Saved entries

══════

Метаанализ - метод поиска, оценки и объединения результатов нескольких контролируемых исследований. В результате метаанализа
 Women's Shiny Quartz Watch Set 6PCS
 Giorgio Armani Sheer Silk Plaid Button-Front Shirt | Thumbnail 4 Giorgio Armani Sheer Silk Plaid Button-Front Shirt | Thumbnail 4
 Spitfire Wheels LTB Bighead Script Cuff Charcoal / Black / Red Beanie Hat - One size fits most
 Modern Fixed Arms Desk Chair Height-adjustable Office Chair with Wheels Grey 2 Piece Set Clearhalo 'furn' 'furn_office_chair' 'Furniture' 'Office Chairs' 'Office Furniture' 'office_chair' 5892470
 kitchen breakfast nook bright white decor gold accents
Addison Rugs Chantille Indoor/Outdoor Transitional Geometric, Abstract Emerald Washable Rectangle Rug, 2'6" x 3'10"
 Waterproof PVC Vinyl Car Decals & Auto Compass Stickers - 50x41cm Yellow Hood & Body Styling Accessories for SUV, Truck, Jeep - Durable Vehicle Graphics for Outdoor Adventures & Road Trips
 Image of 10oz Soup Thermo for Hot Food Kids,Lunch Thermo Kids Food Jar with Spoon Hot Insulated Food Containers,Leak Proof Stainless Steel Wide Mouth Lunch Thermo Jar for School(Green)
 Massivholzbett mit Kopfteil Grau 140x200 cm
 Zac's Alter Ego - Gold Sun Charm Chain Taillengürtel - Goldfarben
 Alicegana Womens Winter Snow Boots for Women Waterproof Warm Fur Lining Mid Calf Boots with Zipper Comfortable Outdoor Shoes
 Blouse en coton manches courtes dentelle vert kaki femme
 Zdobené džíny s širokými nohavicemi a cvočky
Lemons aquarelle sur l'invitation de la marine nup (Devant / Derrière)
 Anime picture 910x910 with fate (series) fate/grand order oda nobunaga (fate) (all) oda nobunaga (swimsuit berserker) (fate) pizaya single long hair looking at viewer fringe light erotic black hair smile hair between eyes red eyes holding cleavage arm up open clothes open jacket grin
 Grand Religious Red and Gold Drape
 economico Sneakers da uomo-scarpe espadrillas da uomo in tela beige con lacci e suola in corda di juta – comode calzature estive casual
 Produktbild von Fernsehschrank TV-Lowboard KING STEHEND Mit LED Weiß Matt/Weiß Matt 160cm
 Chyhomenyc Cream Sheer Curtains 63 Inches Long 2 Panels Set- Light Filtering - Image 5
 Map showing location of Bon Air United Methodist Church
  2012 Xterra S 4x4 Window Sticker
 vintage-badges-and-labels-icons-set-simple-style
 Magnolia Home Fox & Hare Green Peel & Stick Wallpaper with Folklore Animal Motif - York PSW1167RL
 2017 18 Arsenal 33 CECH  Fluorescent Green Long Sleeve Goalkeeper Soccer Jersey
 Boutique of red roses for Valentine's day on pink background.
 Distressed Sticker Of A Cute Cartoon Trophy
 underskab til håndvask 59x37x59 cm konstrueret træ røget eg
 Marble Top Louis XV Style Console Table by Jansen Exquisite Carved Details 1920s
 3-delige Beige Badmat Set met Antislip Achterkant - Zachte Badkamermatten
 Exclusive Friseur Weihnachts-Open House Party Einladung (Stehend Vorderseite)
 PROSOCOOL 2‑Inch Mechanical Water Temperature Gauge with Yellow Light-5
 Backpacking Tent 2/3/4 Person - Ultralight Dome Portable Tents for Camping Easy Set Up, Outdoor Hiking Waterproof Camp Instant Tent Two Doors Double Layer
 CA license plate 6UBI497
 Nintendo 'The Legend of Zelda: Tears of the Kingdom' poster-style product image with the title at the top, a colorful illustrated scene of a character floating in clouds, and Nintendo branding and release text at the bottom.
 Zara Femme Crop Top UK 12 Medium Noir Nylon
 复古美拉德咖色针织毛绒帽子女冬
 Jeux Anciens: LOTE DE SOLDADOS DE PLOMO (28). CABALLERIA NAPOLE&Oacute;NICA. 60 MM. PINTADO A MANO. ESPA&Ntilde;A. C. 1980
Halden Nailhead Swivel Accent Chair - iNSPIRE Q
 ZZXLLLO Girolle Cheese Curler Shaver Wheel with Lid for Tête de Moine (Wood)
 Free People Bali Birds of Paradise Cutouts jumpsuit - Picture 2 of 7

══════

▶ Work required
Starting at the first line of the entries above, please extract each line up to and including the line with "Blouse en coton", unchanged, and add nothing.

▶ Solution for this problem
Метаанализ - метод поиска, оценки и объединения результатов нескольких контролируемых исследований. В результате метаанализа
 Women's Shiny Quartz Watch Set 6PCS
 Giorgio Armani Sheer Silk Plaid Button-Front Shirt | Thumbnail 4 Giorgio Armani Sheer Silk Plaid Button-Front Shirt | Thumbnail 4
 Spitfire Wheels LTB Bighead Script Cuff Charcoal / Black / Red Beanie Hat - One size fits most
 Modern Fixed Arms Desk Chair Height-adjustable Office Chair with Wheels Grey 2 Piece Set Clearhalo 'furn' 'furn_office_chair' 'Furniture' 'Office Chairs' 'Office Furniture' 'office_chair' 5892470
 kitchen breakfast nook bright white decor gold accents
Addison Rugs Chantille Indoor/Outdoor Transitional Geometric, Abstract Emerald Washable Rectangle Rug, 2'6" x 3'10"
 Waterproof PVC Vinyl Car Decals & Auto Compass Stickers - 50x41cm Yellow Hood & Body Styling Accessories for SUV, Truck, Jeep - Durable Vehicle Graphics for Outdoor Adventures & Road Trips
 Image of 10oz Soup Thermo for Hot Food Kids,Lunch Thermo Kids Food Jar with Spoon Hot Insulated Food Containers,Leak Proof Stainless Steel Wide Mouth Lunch Thermo Jar for School(Green)
 Massivholzbett mit Kopfteil Grau 140x200 cm
 Zac's Alter Ego - Gold Sun Charm Chain Taillengürtel - Goldfarben
 Alicegana Womens Winter Snow Boots for Women Waterproof Warm Fur Lining Mid Calf Boots with Zipper Comfortable Outdoor Shoes
 Blouse en coton manches courtes dentelle vert kaki femme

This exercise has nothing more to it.